İşte, uzay hakkında merak edilen sorular ve cevapları.
1. Gaz devlerinin çekirdeği var mı?
Hepimizin sempatisini kazanan Plüton’u da sayarsak Güneş Sistemimizde toplam 9 adet gezegen bulunuyor. Bu dev yapıların her biri ayrı önemli özellikleri ile dikkate değer. Güneş’ten en uzak dört gezegen olan Jüpiter, Satürn, Uranüs ve Neptün ise daha farklı olarak gaz devi gezegenler olarak sınıflandırılır.
Peki bunların katı bir çekirdeği var mı?
Bu gezegenlerden Jüpiter ve Satürn büyük oranda hidrojen ve helyumdan oluşur. Uranüs’ün ve Neptün’ün yapısında ise molekül kütlesi hidrojenden ve helyumdan büyük olan maddelerin oranı daha büyük yer kaplar.
Büyük kütleli olan gaz devlerinden; Jüpiter, Dünya’nın kütlesinden 318 kat büyüktür. Satürn’ünki 95 kat, Uranüs ve Neptün’ün kütlesi de Dünyanın kütlesinden yaklaşık 20 kat daha büyüktür.
Sorumuzun cevabı da burada yatıyor; kütleleri dolayısıyla atmosferlerinde sıvı yapıya sahip olan bu gaz devleri, kesin olarak bilinmese de katı bir çekirdeğe sahip olabilir.
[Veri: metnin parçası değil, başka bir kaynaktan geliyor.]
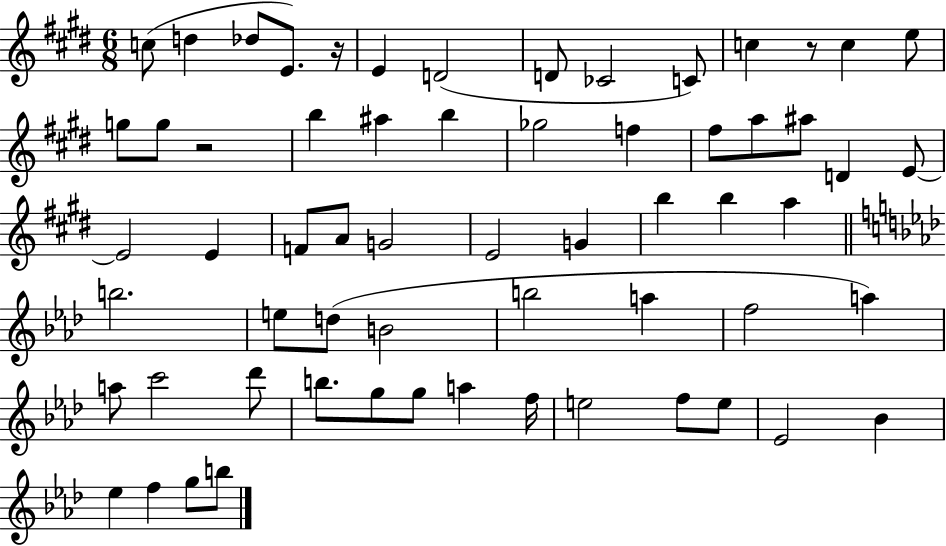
X:1
T:Untitled
M:6/8
L:1/4
K:E
c/2 d _d/2 E/2 z/4 E D2 D/2 _C2 C/2 c z/2 c e/2 g/2 g/2 z2 b ^a b _g2 f ^f/2 a/2 ^a/2 D E/2 E2 E F/2 A/2 G2 E2 G b b a b2 e/2 d/2 B2 b2 a f2 a a/2 c'2 _d'/2 b/2 g/2 g/2 a f/4 e2 f/2 e/2 _E2 _B _e f g/2 b/2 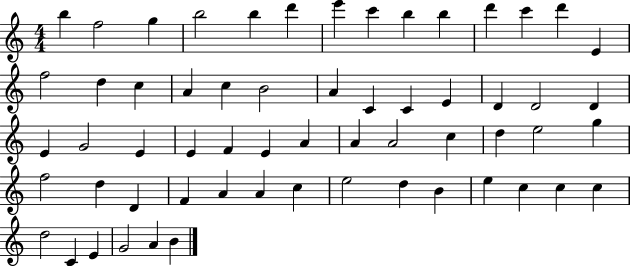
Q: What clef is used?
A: treble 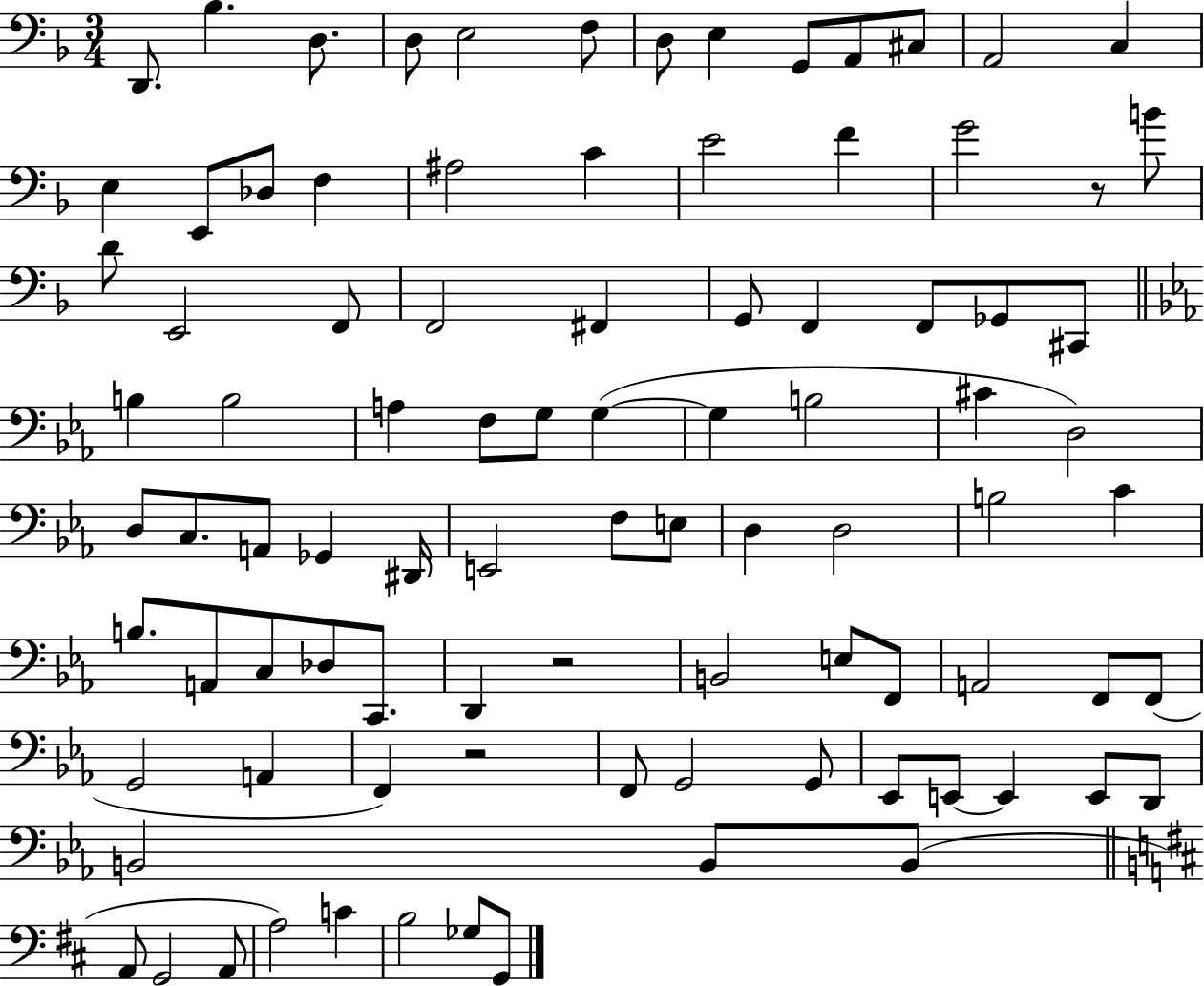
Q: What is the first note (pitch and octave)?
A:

Bilim insanları bu gezegenlerin demir-nikel alaşımı, kayaçlar ve hidrojen bileşiklerinden oluşan katı bir çekirdeğe sahip olabileceğini düşünüyor. Örneğin hacmi Dünya’dan yaklaşık 1300 kat daha büyük olan Jüpiter’in çekirdeğinin, yaklaşık olarak Dünya ile aynı büyüklükte olduğu tahmin ediliyor.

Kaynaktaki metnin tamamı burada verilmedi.